インソムニアの夜明け...10

惨めったらしい。
情けない。

部屋に戻った飛影は、ついさっきの出来事を思い出し、ベッドに倒れ込むように横になった。乱暴に引っ張ったせいで、吊るされていた点滴の容器が、ガシャン、と音を立てて床に落ちる。

「……!」

無性にイライラした。この馬鹿げた場所も、自分の馬鹿げた想いも。

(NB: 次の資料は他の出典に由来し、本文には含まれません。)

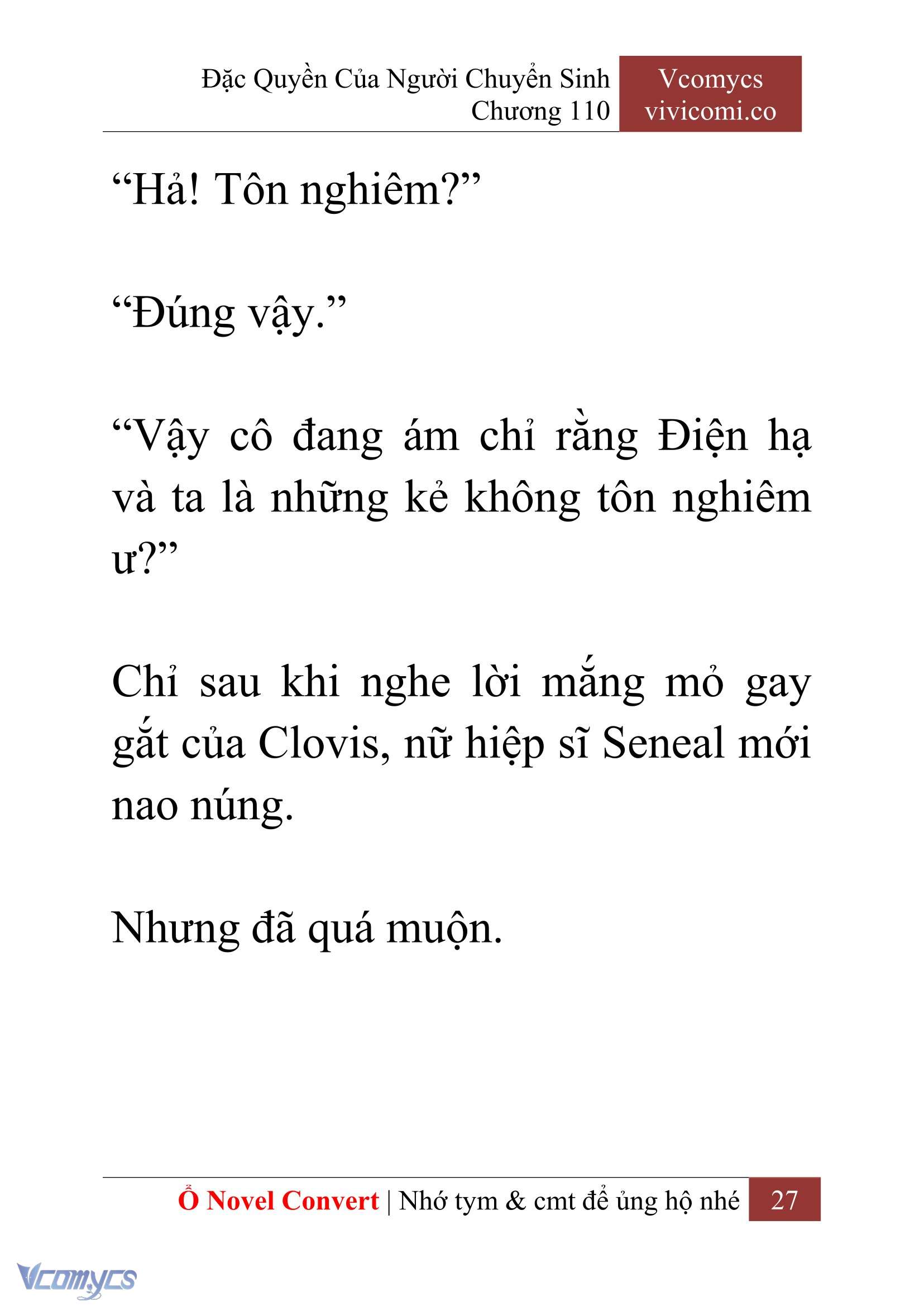 [Novel] Đặc Quyền Của Người Chuyển Sinh Chapter 110 - Trang 30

何もかも。
力任せに右腕から垂れ下がる点滴の管を引き抜く。
無理やり針を引き抜いた腕からは、つうっと一筋の赤い流れが床に滴った。

一体…
一体いつになったら俺はここから…この場所から?この人生から?…抜け出せるのだろう?
それとも、永遠に…?

思わず力いっぱい投げたのは、雪菜のくれた置き時計だった。

「あ…」

木とガラスの精巧な細工でできた時計は、床の上で割れて砕けた。

時間を止めた時計。
そのメタファーに、飛影はペタリとベッドに座り込んだ。

力なくうな垂れたその瞬間、額に激痛が走った。
***
戻らなきゃ。
それはわかっている。
本当は飛影の側を離れてはいけないのだ。

蔵馬は資料を取りに来たと理由をつけて、医局でしょんぼりと考え込んでいた。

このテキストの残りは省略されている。